Henderson, 37, is so old that he shares the same birth year as
the Swinging Friar and is the most senior Padre. Henderson has
played 2,192 games, none in the National League. Still, he
remains a dynamic player when he is in the lineup. In the seven
seasons since he turned 30, Henderson has averaged 51 stolen
bases and has posted an on-base percentage of at least .400
every year.
But the club's shot at contending probably depends mostly on
whether Cedeno regains his form at the plate and whether the
26-year-old Sanders, who has nasty power pitches similar to
those of the Atlanta Braves' John Smoltz, continues what has
been a smooth rehab. "If he's healthy," Towers says, "that takes
a lot of weight off my shoulders."
A pennant race would spur momentum toward the organization's
long-term goal: a baseball-only downtown ballpark and a loyal
fan base that stretches into Mexico. The club recently opened a
Padres merchandise store in Mexico and plans to run shuttle
buses from south of the border to Sunday home games. "When I got
here," Lucchino says, "there was no one in the organization who
even spoke Spanish."
The owners, meanwhile, will continue collegial ventures with
their players that should be models for all of baseball.
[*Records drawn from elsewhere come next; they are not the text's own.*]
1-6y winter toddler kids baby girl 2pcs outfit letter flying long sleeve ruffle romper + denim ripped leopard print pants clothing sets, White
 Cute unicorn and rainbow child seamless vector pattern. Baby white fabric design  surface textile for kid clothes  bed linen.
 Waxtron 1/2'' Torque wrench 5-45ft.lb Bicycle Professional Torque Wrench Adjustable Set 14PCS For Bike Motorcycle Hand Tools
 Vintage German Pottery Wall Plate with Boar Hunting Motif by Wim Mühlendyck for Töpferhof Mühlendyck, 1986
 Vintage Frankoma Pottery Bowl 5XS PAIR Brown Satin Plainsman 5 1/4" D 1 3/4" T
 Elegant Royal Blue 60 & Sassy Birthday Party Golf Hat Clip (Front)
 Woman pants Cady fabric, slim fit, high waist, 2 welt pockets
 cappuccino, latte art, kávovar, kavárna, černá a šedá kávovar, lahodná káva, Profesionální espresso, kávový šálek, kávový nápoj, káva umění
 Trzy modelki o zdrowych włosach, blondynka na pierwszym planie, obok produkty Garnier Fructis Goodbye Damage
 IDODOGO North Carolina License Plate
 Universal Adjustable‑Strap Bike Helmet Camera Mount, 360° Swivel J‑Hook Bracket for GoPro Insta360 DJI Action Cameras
Lucchino and Moores meet monthly during the season with small
groups of Padres in freewheeling, off-the-record dialogue. In
addition, owners and players contribute equally to the Padres
Scholars program, a charity begun last year to provide college
scholarships annually to 25 middle-schoolers. Each player serves
as mentor to a recipient.
"I don't have a lot of experience with things working out the
way you believe they will, but this thing pretty much has,"
Moores says of his team's emergence as a contender.
The owners' courtship of San Diego fans has only just begun, as
evidenced at one game last year. A Padres usher was escorting
two people to their seats when he noticed two gentlemen already
occupying them. The usher explained the situation to the
squatters and asked them to move on--not knowing that the two men
he was booting out of the seats happened to be the owners of the
team. Lucchino and Moores, who are known to cruise the stadium,
moved on obligingly, even happily. After all, the usher "was
doing his job," Moores says. "And he was very polite."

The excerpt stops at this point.